### Task item
From the records below, print only the part that opens with the line containing "Jobe Unify Vintage Teal Schwimmweste" and closes with the line containing "Lucifer Season 2 Episode 6"; omit the pictures.
[Records provided — start]
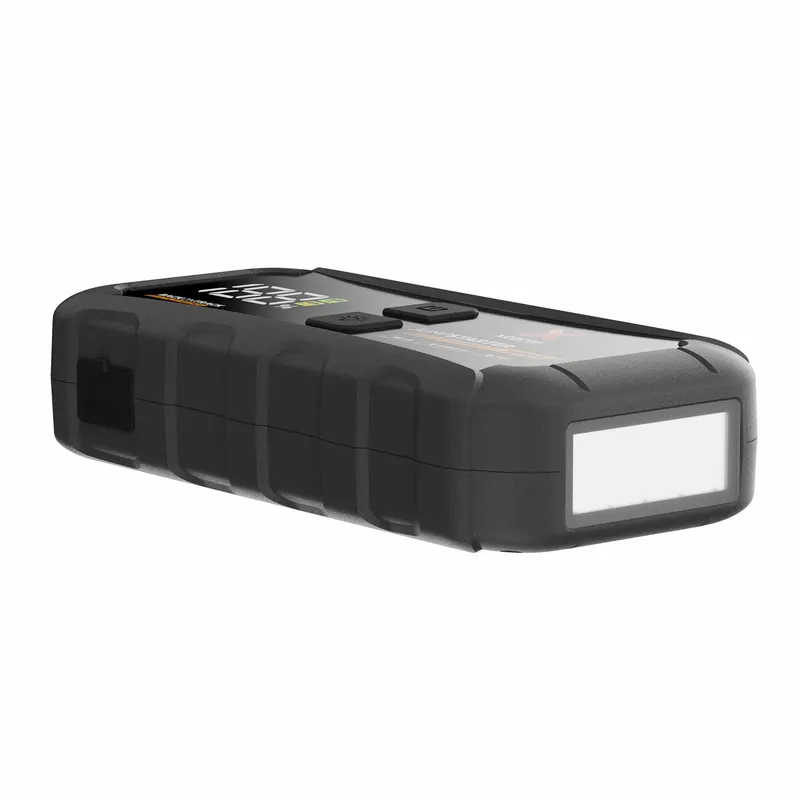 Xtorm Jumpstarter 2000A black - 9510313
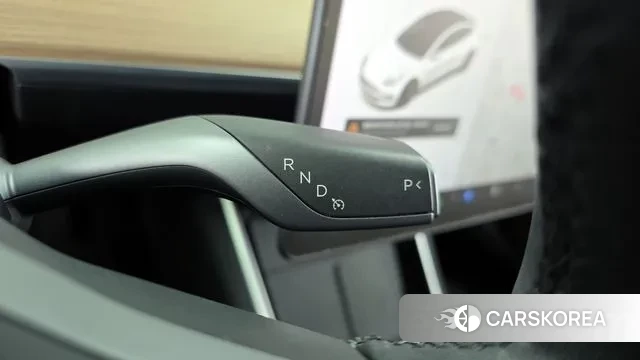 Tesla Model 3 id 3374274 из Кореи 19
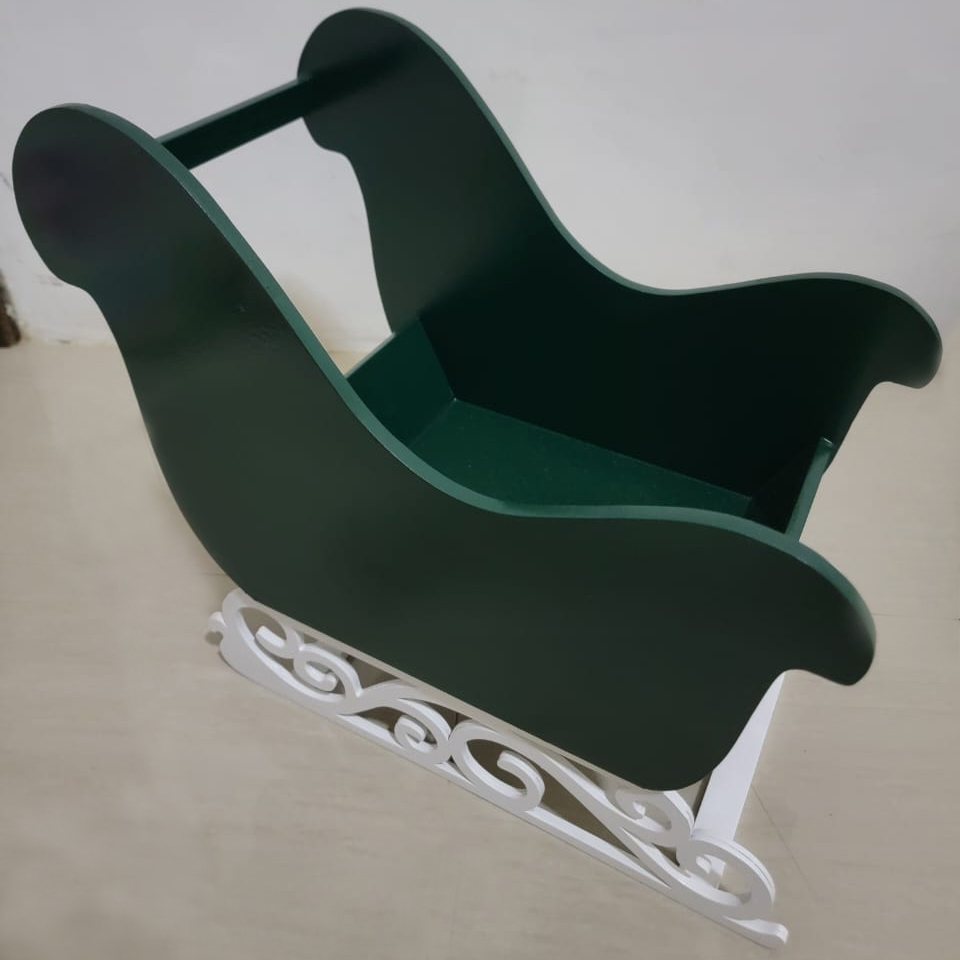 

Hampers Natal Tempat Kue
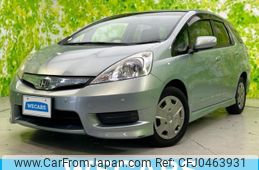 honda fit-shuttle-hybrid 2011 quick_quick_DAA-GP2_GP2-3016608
[Records provided — finish]
[Records provided — start]
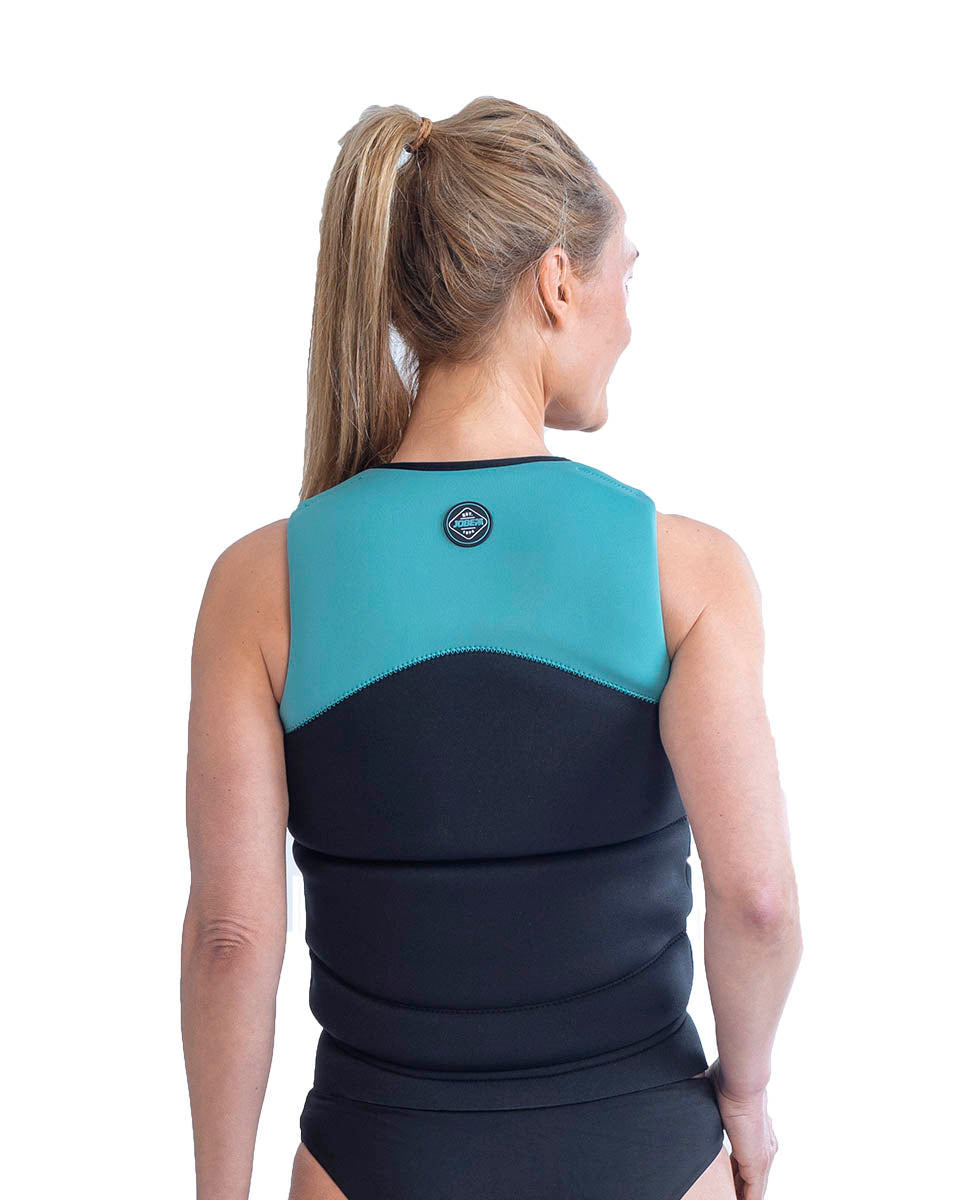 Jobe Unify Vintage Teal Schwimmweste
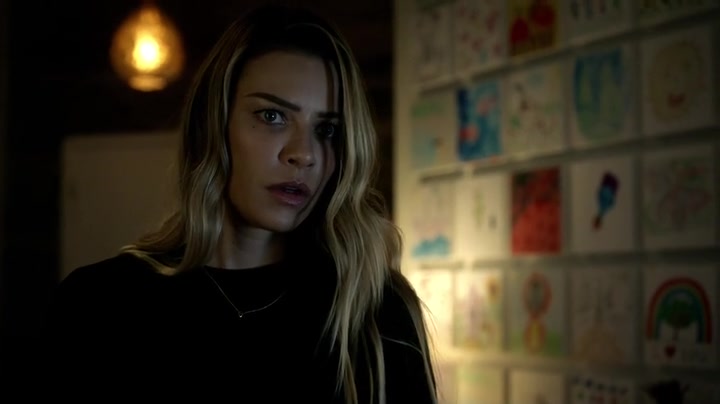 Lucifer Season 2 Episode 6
[Records provided — finish]
### Completed exercise
 Jobe Unify Vintage Teal Schwimmweste
 Lucifer Season 2 Episode 6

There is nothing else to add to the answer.